Reply to ‘No beneficial fitness effects of random peptides’

To the Editor — We agree that Knopp and Andersson¹ (as well as Weisman and Eddy²) make a valid point that we had not considered in our original analysis. We have repeated some growth experiments with the pure vector with and without isopropylthiogalactoside (IPTG), as described in ref. ¹. We can confirm that the majority of the parallel runs show that cells harbouring the vector grow more slowly under IPTG induction, but we see also some variation.

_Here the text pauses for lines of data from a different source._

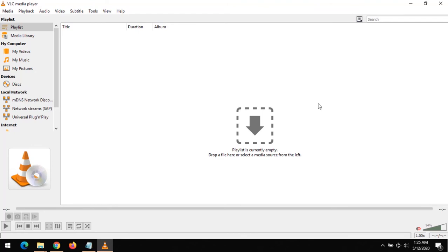Hope you've learned how to reset your VLC Media Player preferences. Please like, share, and follow us on our social media platforms. Thanks for watching this tutorial. Thank you.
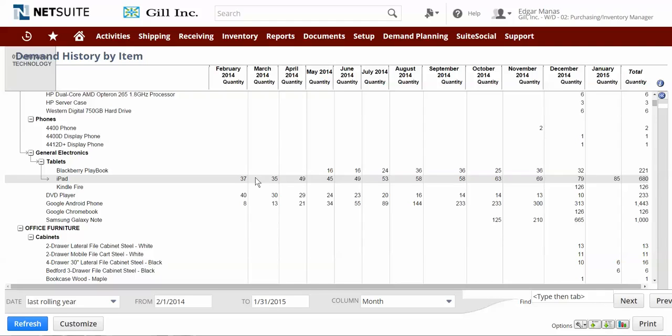For this demonstration, we're going to focus on a single item, the Apple iPad. This is a standard demand planning report called Demand History by Item.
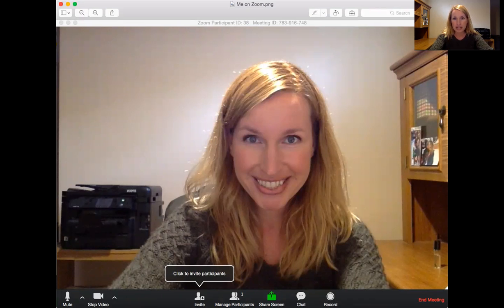This is where you can use your chat — open up that chat box. And you can record the meeting and it will create a file for you. This is the share screen button that I told you about.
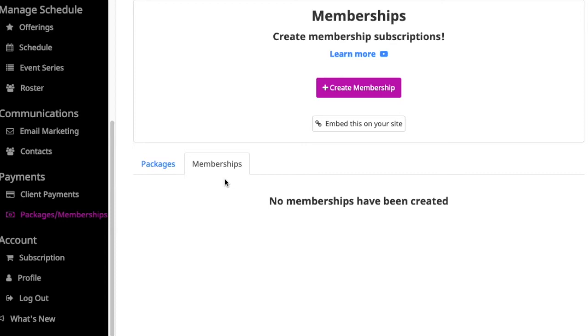OfferingTree's membership feature allows you to set up recurring revenue from clients and students. It also is a way to provide special access for members that choose to subscribe to your content.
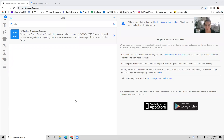Hey friend, I'm so excited that you have let me help you get started with Project Broadcast. I wanted to do a quick little tutorial and show you what I've done for you and give you a basic overview on how to use it if you are not familiar.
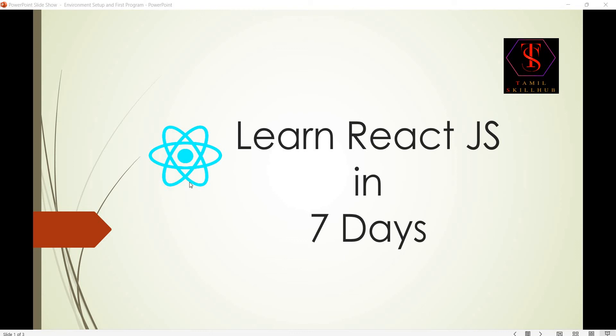Hi guys, welcome to Tamil Skill Web YouTube channel and welcome to day two of learning. We are going to talk about local environment, how to set up a project, how to create a project, how to start, how to add some editing or coding or data feed.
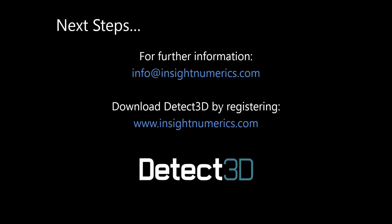So thanks very much for listening. And if you have any questions about this video or want to inquire about Detect3D, please email me at the address listed above, or you can download Detect3D by registering on InsightNumerics.com. Thank you.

Our experimental set-up was designed to identify the fraction of random sequences (RNA or protein) that could have any biological effect. Searching for frequency changes in the mixture of clones under conditions in which the RNAs/peptides are expressed thus remains a valid approach. Hence, our general results, namely that a large fraction of random sequences has bioactivity, is undisputed. But in light of the results above, the question of the fraction of clones with positive fitness effects is not satisfactorily answered. For a number of clones the positive effect could indeed be due to a double negative effect, that is, an inhibition of a deleterious effect of the vector to the cells^1,2. However, the range of positive effects for different clones is broad. For example, the results of the deep sequencing experiment shown in Fig. 3 of our paper³ indicate that at high sequencing depth a group of positive clones comes up that has a much higher fold change than the other positive clones. Among the three clones studied in further detail³, clones 4 and 32 belong to the latter class, while clone 600 belongs to the class with high fold change.

Table 1 summarizes the growth increase for these clones across the four cycles of the experiment, together with inferred selection coefficients. Clones 4 and 32 have selection coefficients (s) of 0.14 and 0.16 respectively, which correspond to the vector effects described in ref. ¹ (s = 0.12–0.14). However, clone 600 has a much higher selection coefficient (s = 0.45), which could not be explained by the vector effect alone. Knopp and Andersson report in their validation experiment that clone 600 did not have an effect at all, which is in contrast to the highly repeatable effect in our experiments. Hence, this suggests that the experimental conditions are not fully comparable and that further experiments will be required to understand this discrepancy. This observation implies also that the measurement of the possible vector effect will require deeper analysis.

Table 1 Growth increase and selection coefficients

We note that in a recent study on the effects of random peptides on Arabidopsis development⁴, the authors found that one of three peptides analysed in detail had an early flowering phenotype, which could also be interpreted as a candidate for a positive fitness effect. Hence, although beneficial mutations are rare in mutation accumulation lines⁵, the introduction of a complete new molecule into the cell may have a higher likelihood of having a beneficial effect. It has been shown that random sequences can convey a specific function (adenosine triphosphate binding⁶ and nickel tolerance⁷), although only at a very low frequency. However, in our (and the Arabidopsis⁴) experiment, we are not targeting only a single function, but any possible interaction within the cell.